Нас в эти горы завлекли —

Глубокое дыханье бора

Целительницы земли.

О ПЕСНЕ


Темное происхожденье

Наших песен и баллад —

Давнего грехопаденья

Неизбежный результат.

С тем же, кем была когда-то

Жизнь оплодотворена,

В этот властный миг расплаты

Как бы соединена.

Что доношено до срока,

До бессонниц января,

Что рождается в потоке

Слез и слов у фонаря

На коробке папиросной,

Подстеленной кое-как,

На листке, а то и просто

На газеты уголках,

То, что вовсе ждать не может,

Шага не дает шагнуть,

То, что лезет вон из кожи

И чего нельзя вернуть.

Ты отрежешь пуповину,

В темноте остановясь,

Станет легче вполовину —

Лишь порвется эта связь.

И, покончив с полубредом

Этих самых древних мук,

Втопчешь в снег клочки последа

И оглянешься вокруг…

………………………………

Много лет пройдет.
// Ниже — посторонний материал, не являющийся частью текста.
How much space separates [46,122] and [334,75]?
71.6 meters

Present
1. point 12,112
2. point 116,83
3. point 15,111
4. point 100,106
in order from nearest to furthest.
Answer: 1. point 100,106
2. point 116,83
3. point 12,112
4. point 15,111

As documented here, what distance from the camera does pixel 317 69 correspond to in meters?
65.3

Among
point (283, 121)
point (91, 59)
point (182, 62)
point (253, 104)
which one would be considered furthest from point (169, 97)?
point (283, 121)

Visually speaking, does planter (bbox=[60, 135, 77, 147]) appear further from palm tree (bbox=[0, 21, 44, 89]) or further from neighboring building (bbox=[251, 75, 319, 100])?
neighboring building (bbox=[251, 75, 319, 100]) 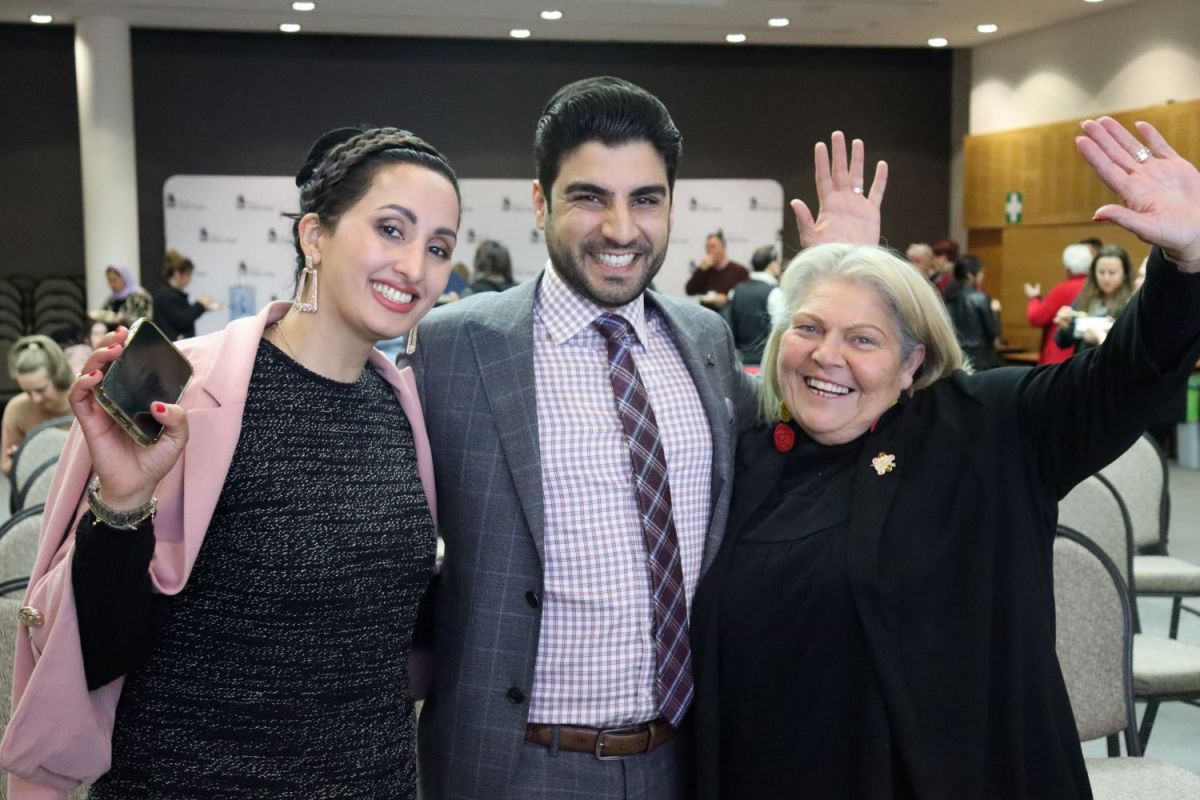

И песне

Снова встретиться с тобой,

Может быть, нужней и лестней,

Чем наследнице любой.

Вот она идет по тропке,

Опустивши долу взгляд,

Неуверенно и робко

И со сверстницами в ряд.

Ты глядишь, не понимая,

Кто она в твоей судьбе,

Вся теперь как бы чужая,

Незнакомая тебе.

Где-то в давке, в книжной лавке

Разглядишь, в конце концов,

Бывшей золушки-чернавки

Позабытое лицо.

И по родинкам, приметам,

По разрезам губ и глаз

Ты узнаешь дочь поэта

В первый и последний раз.

* * *


Над трущобами Витима,

Над косматою землей,

Облаков зловещих мимо

Я лечу к себе домой.

И во чреве самолета,

Как Иона у кита,

Я прошу у шеф-пилота:

Ради Господа Христа,

Донеси меня до юга,

Невредимым донеси,

Пусть меня забудет вьюга

Хоть на месяц на Руси.

Я срисовывал бы чащи,

Только в них войдет гроза,

Солнцу б я как можно чаще

Попадался на глаза.

В посрамленье злой мороки,

В просветление ума,

Я б успел составить строки,

Что шептала мне зима.

Перед аэровокзалом

Горло сдавит тошнота:

Снова — пропасти, провалы,

Под ногами — пустота.

У меня сейчас воочью,

А не только между строк, —

Неустойчивую почву

Выбивают из-под ног.

Вижу, как, вращая крылья,

Самолетный вьется винт,

С давней раны, с давней боли

Мне разматывают бинт.

Открывая, обнажая,

Растревоженная вновь,

Чтоб могла рука чужая

Разодрать ту рану в кровь.

Там, в своей пурге-тумане,

Мне не стоило труда

Кровь любой подобной раны

Удержать кусками льда.

Я стою, не веря в лето,

И искать не знаю где

Медицинского совета,

Чтоб помочь моей беде.

Но твое рукопожатье

Так сердечно горячо;

Птицы ситцевого платья

Мне садятся на плечо.

И знакомое лекарство

Тихо капает из глаз —

Драгоценное знахарство,

Исцеляющее нас.

Вот я таю, как ледышка,

От проклятых этих слез,

Душу мне еще не слишком

Остудил земной мороз.

КОНЦЕРТ[26]Написано в 1956 году в Калининской области. Входит в «Колымские тетради». Опубликовано с сокращениями под назв. «Скрипка, как желтая птица…».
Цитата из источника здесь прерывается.